▸ **Materials provided**:

((

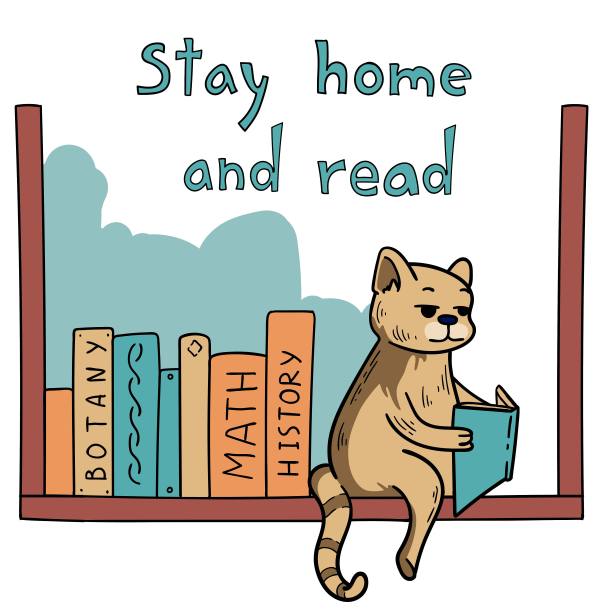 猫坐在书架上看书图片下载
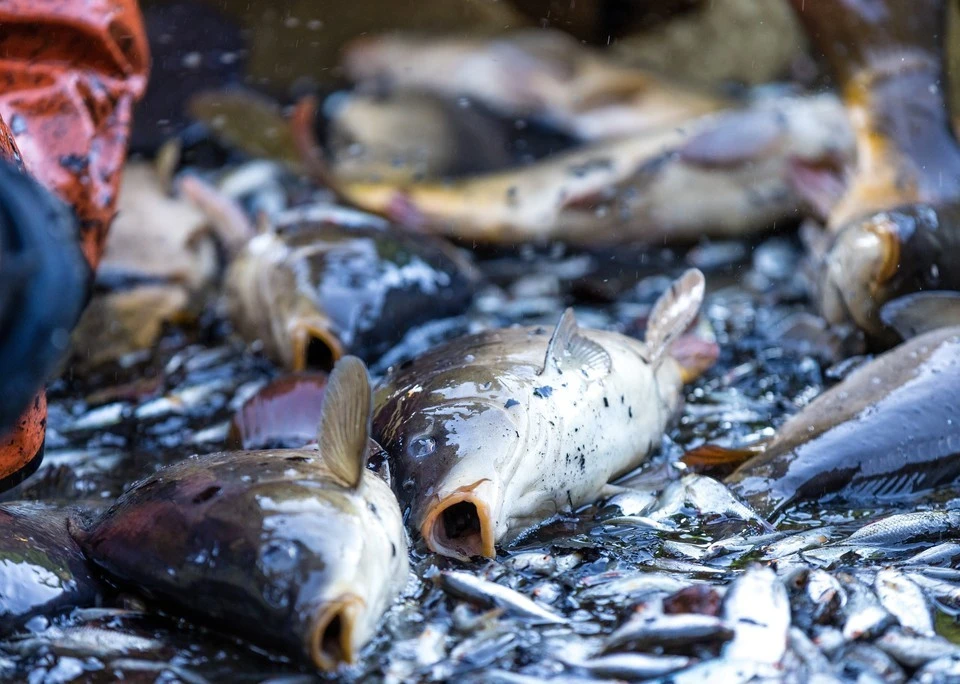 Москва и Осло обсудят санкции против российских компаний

))
((

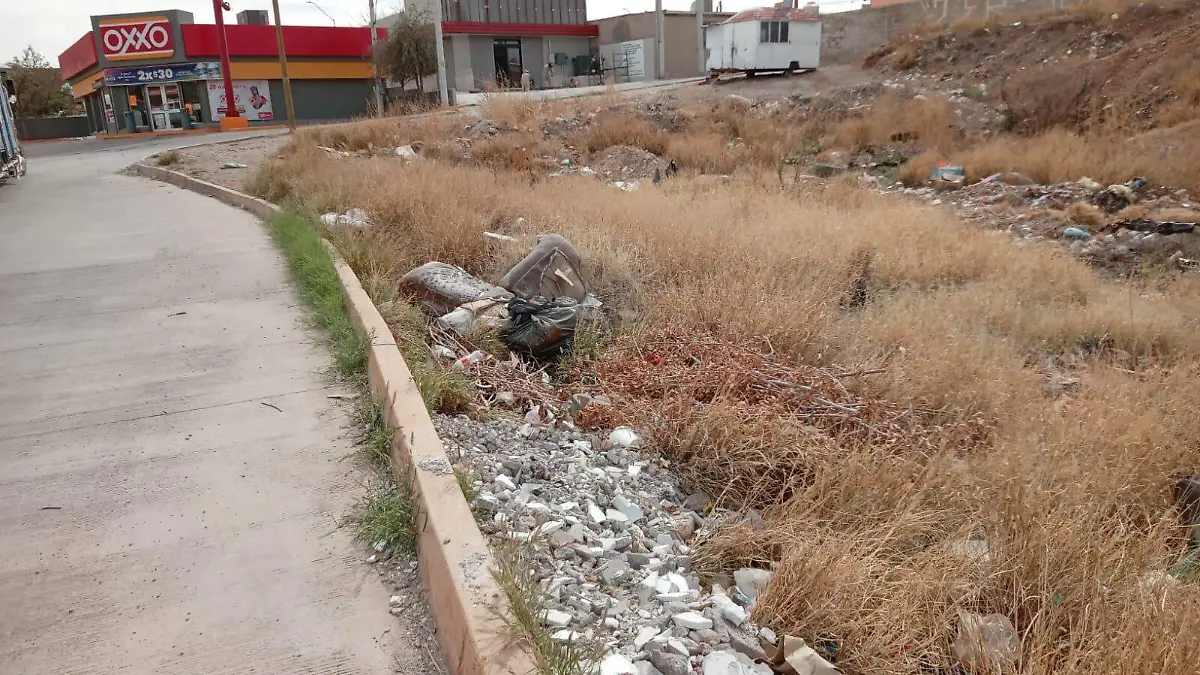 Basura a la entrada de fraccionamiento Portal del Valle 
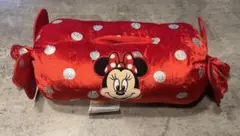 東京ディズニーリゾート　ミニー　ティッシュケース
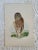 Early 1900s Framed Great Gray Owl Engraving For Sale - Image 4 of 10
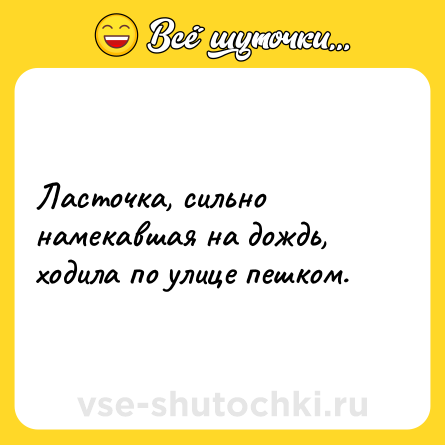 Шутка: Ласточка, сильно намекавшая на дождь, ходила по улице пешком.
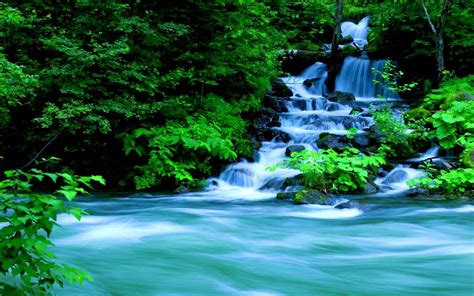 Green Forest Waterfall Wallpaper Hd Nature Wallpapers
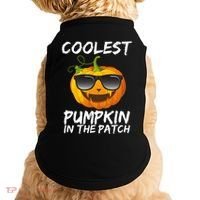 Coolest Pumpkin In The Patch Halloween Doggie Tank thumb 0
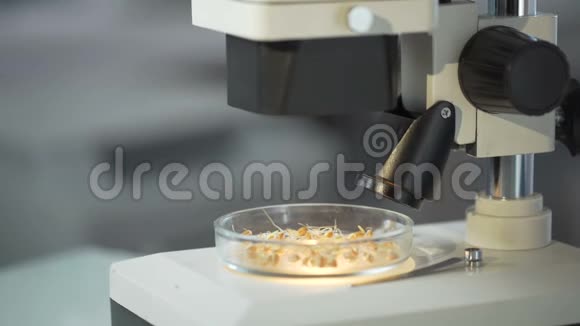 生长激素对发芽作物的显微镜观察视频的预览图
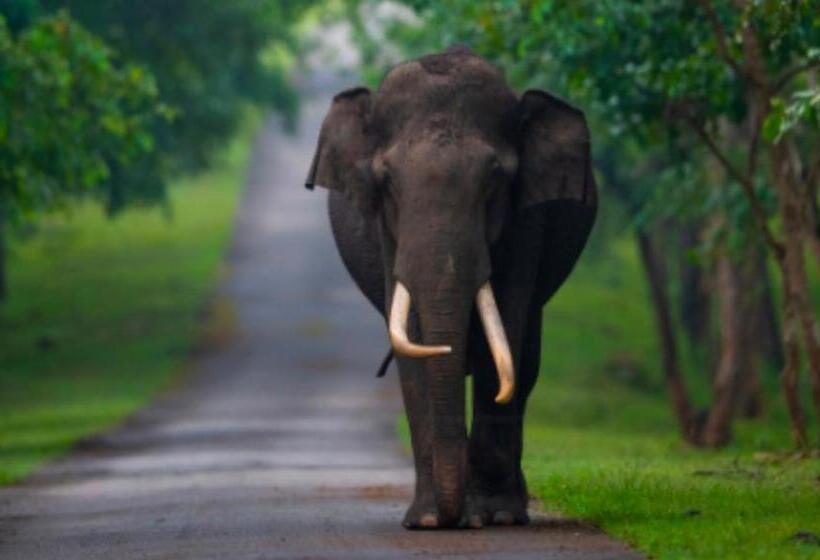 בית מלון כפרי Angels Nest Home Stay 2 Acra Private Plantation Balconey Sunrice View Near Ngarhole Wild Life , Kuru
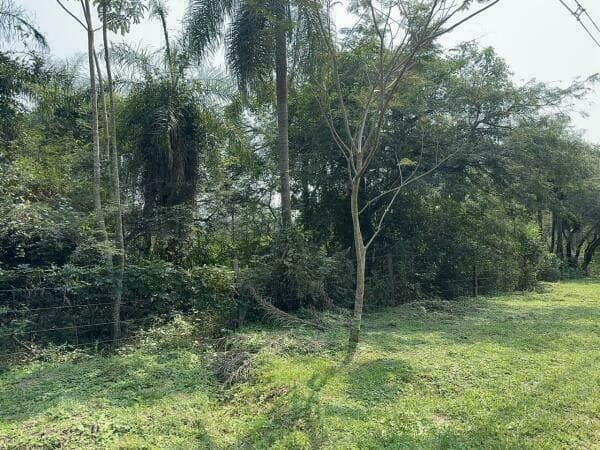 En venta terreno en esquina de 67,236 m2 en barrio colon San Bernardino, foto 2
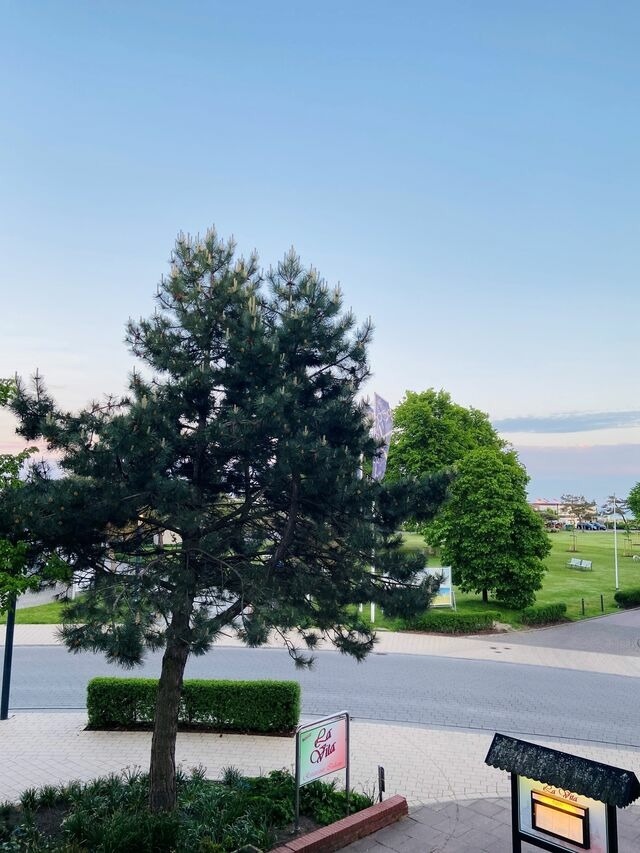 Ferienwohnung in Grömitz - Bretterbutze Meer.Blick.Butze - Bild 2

))

▸ **Task item**: Extract, without any images, the part of the material above that opens with the line containing "Шутка: Ласточка, сильно" and closes with the line containing "Ferienwohnung in Grömitz", both lines included.

▸ **Exercise answer**:
 Шутка: Ласточка, сильно намекавшая на дождь, ходила по улице пешком.
 Green Forest Waterfall Wallpaper Hd Nature Wallpapers
 Coolest Pumpkin In The Patch Halloween Doggie Tank thumb 0
 生长激素对发芽作物的显微镜观察视频的预览图
 בית מלון כפרי Angels Nest Home Stay 2 Acra Private Plantation Balconey Sunrice View Near Ngarhole Wild Life , Kuru
 En venta terreno en esquina de 67,236 m2 en barrio colon San Bernardino, foto 2
 Ferienwohnung in Grömitz - Bretterbutze Meer.Blick.Butze - Bild 2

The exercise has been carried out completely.